Haben die Menschen überhaupt eine Alternative zu sozialen Netzwerken? Immerhin geht es um ihre sozialen Kontakte. Werden sich gerade nach Prism und Co. einige freiwillig isolieren?

Wenn, dann sind es andere Gründe: Die jüngere Zielgruppe wandert ja bereits ab, weil ihre Eltern sich bei Facebook angemeldet haben. Bei den sozialen Netzwerken gibt es ja auch mittlerweile eine Art Sättigung. Ich kann mir daher auch nicht vorstellen, dass Facebook weiter wächst wie bisher, das wäre überraschend.

Die Möglichkeiten des Radios sind technisch ausgereizt, macht es dennoch Sinn über die Zukunft des Radios zu philosophieren?

Das Gefühl, dass die technischen Möglichkeiten ausgereizt sind, habe ich nicht.

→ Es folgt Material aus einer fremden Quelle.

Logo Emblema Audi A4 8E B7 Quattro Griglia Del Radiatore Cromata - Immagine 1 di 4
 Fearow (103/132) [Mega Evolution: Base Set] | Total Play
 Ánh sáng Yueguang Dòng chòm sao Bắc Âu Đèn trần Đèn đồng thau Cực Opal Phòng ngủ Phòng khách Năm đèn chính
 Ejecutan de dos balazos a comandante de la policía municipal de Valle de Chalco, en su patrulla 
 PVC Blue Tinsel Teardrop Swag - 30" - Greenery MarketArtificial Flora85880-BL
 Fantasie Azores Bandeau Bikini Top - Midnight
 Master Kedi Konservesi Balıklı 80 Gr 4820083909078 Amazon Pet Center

Ich war gerade bei den Tutzinger Radiotagen und war sehr überrascht, das Radiomacher dort fast nur über Technik sprechen. Da ist nichts ausgereizt, sondern vieles befindet sich gerade im Umbruch. Und darüber lohnt es sich wirklich zu diskutieren. Radio ist meiner Meinung nach eher inhaltlich ausgereizt. Da kommt gerade nicht mehr viel. Das entwickelt sich glaube ich erst weiter, wenn sich auch die Technik weiterentwickelt, die Schnittstelle Radio/Internet und die Beteiligung der Hörer. Grundsätzlich habe ich nicht den Eindruck, dass da etwas auserzählt ist.

Kann man die Situation des Radios mit der Print-Online-Diskussion vergleichen?

Viele private Radiosender gehören ja Verlagen, vor allem in NRW, wo ich arbeite. Die bekommen vielleicht etwas von deren Lage mit. Trotzdem habe ich das Gefühl, dass Print auf einer ganz anderen Seite steht als Radio. Radioleute tun sich zum Beispiel mit dem Netz und mit sozialen Medien von Haus aus nicht so schwer. Sie haben ja von Anfang an gelernt, mit ihrem Publikum zu sprechen, auch mit direkter Kritik umzugehen, allein durch die vielen Call-ins. Ich beobachte, dass die Kollegen im Radio sich nicht so schwer tun wie die im Fernsehen – und die nicht so schwer wie die im Print. Wenn Radiomoderatoren zu Facebook gehen, kann nicht viel passieren. Die machen dort meistens dasselbe wie on air auch.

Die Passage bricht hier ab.